- Task requirements
Every line of the material must be restated exactly, though not its pictures.

*** Data provided Section Begins ***

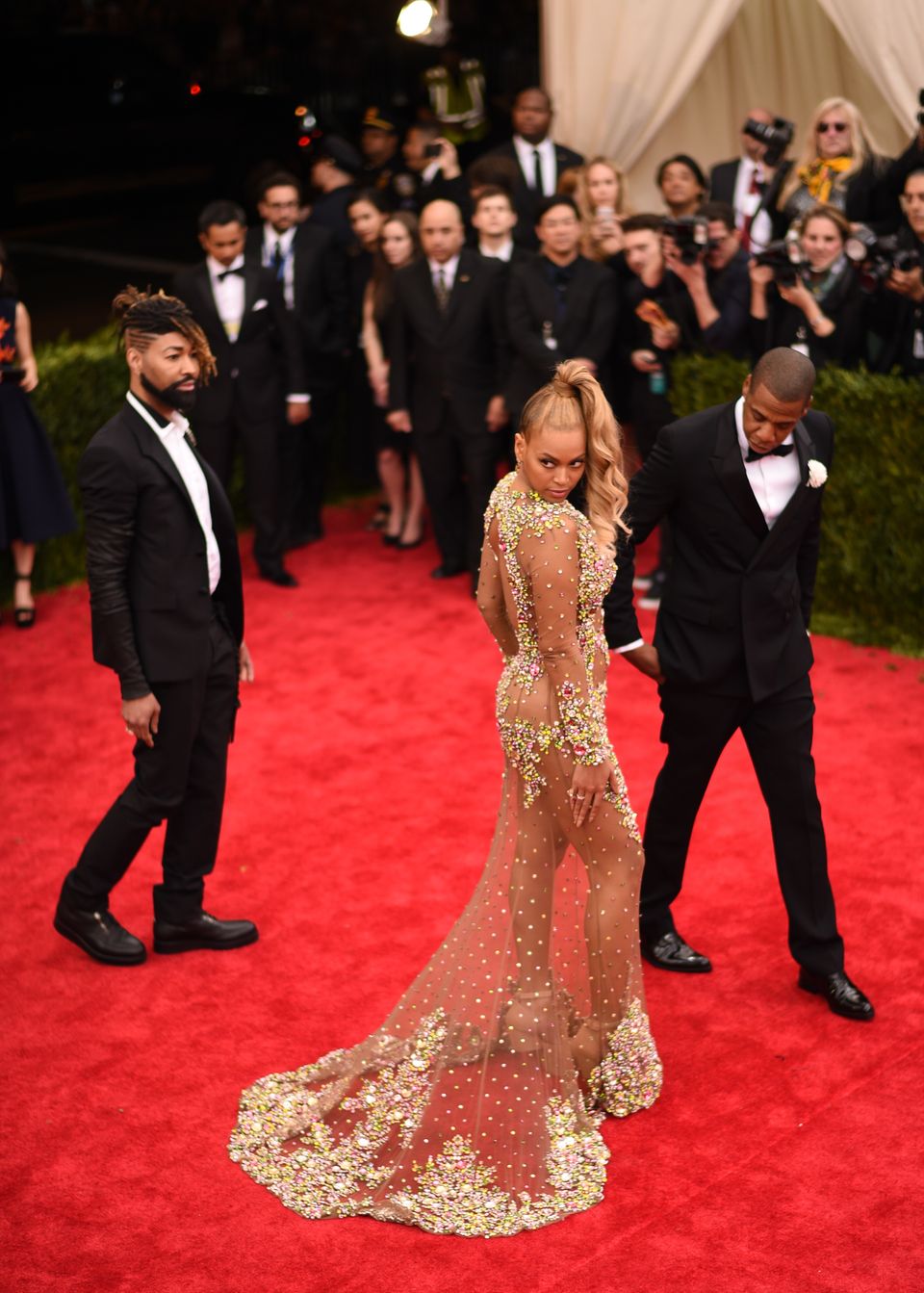Sängerin Beyoncé in New York in einem transparenten Traum-Kleid mit floraler Verzierung.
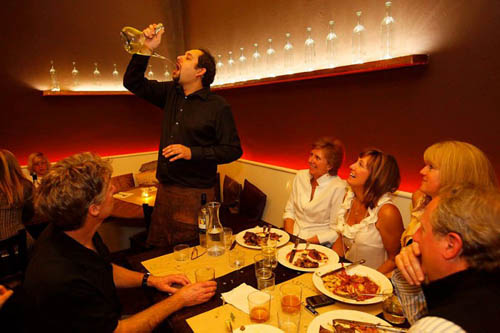 mundaka-carmel-dine-travel
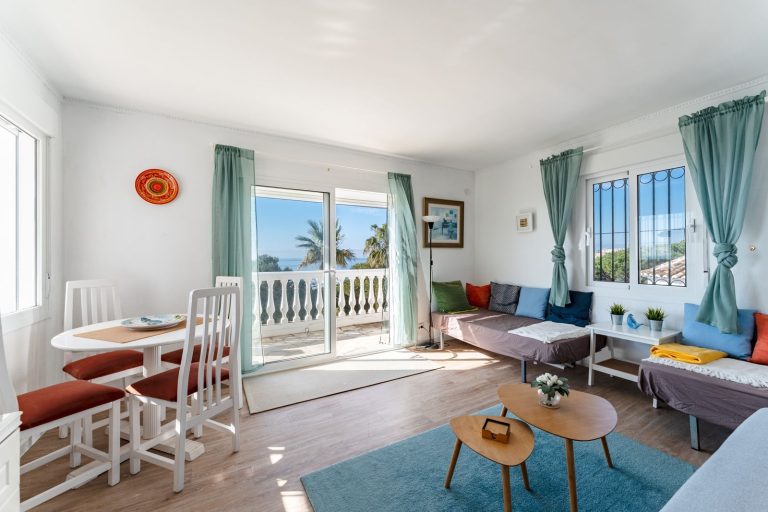 8ea075bc98b86b3c1c0ba8f623506ec2 - 7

*** Data provided Section Ends ***

- Solution to the exercise
Sängerin Beyoncé in New York in einem transparenten Traum-Kleid mit floraler Verzierung.
 mundaka-carmel-dine-travel
 8ea075bc98b86b3c1c0ba8f623506ec2 - 7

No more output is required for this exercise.